Only the lines from the one containing "MERCEDES-BENZ GLC 300" through the end of the records should be retyped, exactly and including both ends; pictures stay out.

The input »
-- Opening Marker --
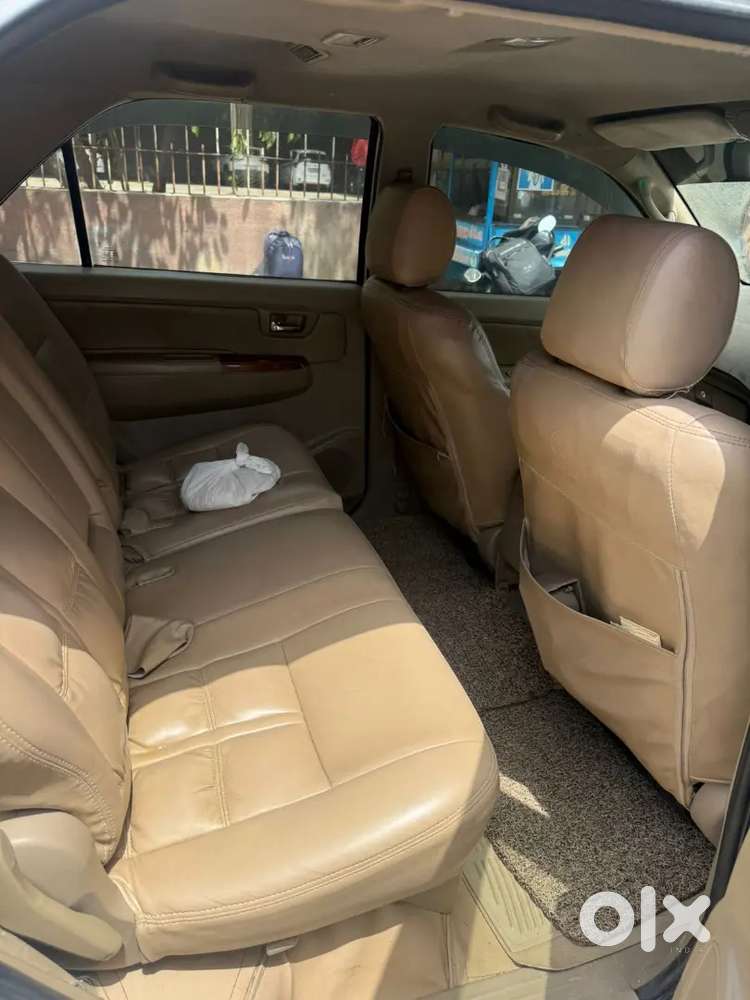 Toyota Fortuner 2011 Diesel Well Maintained
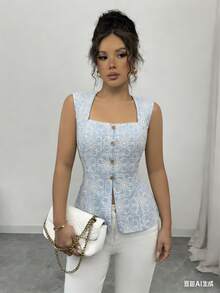 Rafferiza 清新甜美浅蓝色无袖上衣 - 方领花卉刺绣纽扣点缀，春夏优雅短款背心，复古优雅浅蓝色方领上衣 - 花卉图案无袖纽扣点缀，春夏时尚短款背心，甜美百搭浅蓝色无袖背心 - 方领花卉刺绣纽扣点缀，春夏精致露脐上衣 - 藍色 - 查看 6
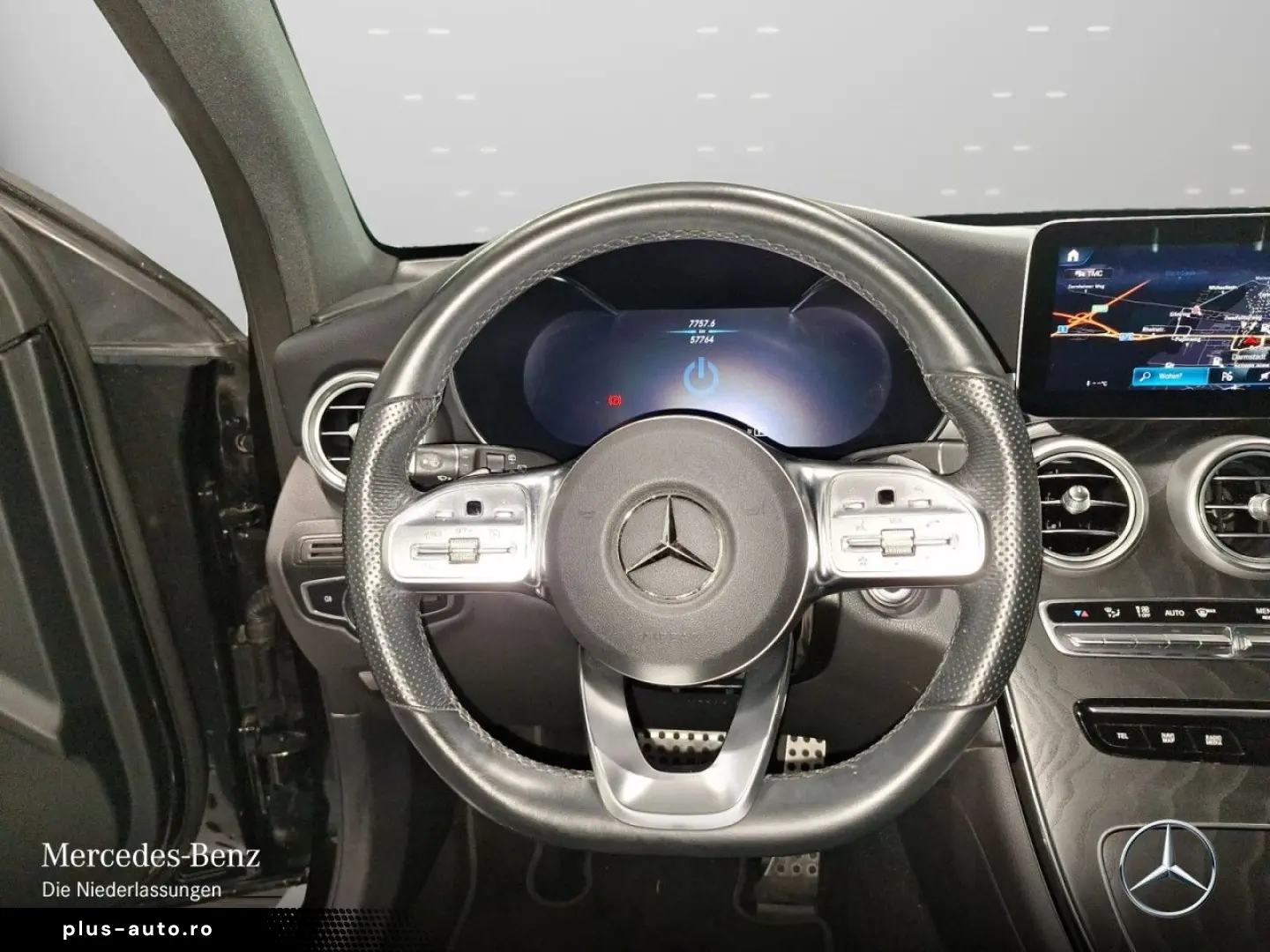 MERCEDES-BENZ GLC 300 de 4M AMG HE-Info Kam Pano LED SHZ AHK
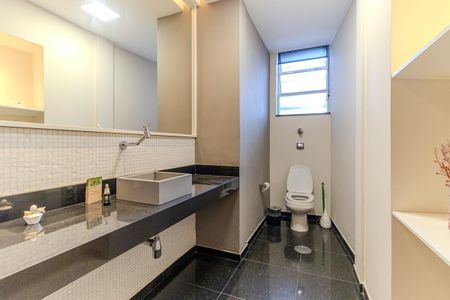 Apartamento para alugar com 346m², 4 quartos e 3 vagas Apartamento para alugar com 346m², 4 quartos e 3 vagasLavabo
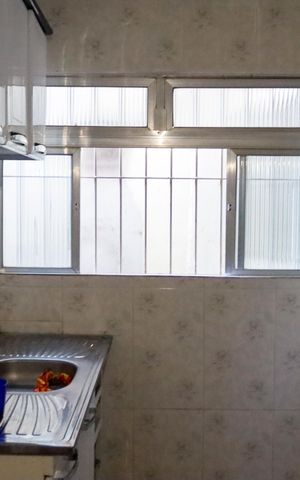 Casa para alugar com 80m², 2 quartos e sem vaga Casa para alugar com 80m², 2 quartos e sem vagaCozinha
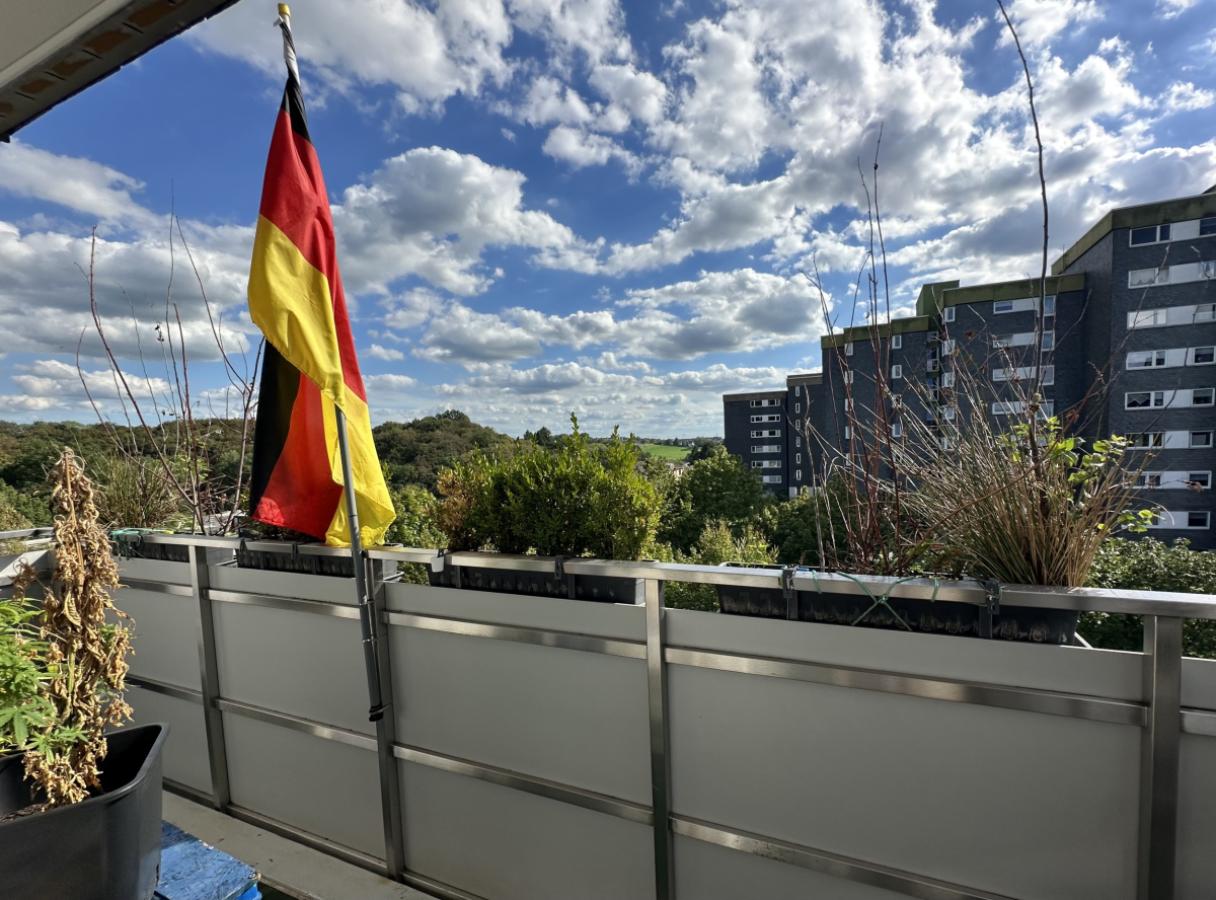 Ausblick Wohnzimmer-Balkon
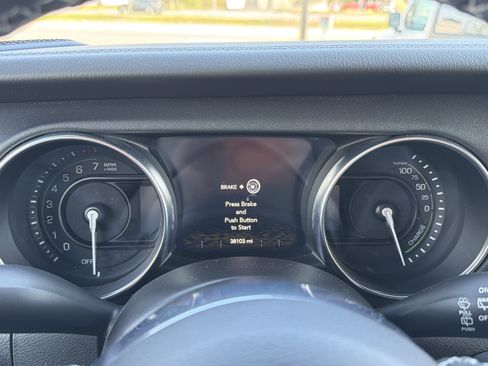 Used 2023 Jeep Wrangler Unlimited Sahara w/ Cold Weather Group AWD/4WD image 25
-- Closing Marker --
Answer for the task »
 MERCEDES-BENZ GLC 300 de 4M AMG HE-Info Kam Pano LED SHZ AHK
 Apartamento para alugar com 346m², 4 quartos e 3 vagas Apartamento para alugar com 346m², 4 quartos e 3 vagasLavabo
 Casa para alugar com 80m², 2 quartos e sem vaga Casa para alugar com 80m², 2 quartos e sem vagaCozinha
 Ausblick Wohnzimmer-Balkon
 Used 2023 Jeep Wrangler Unlimited Sahara w/ Cold Weather Group AWD/4WD image 25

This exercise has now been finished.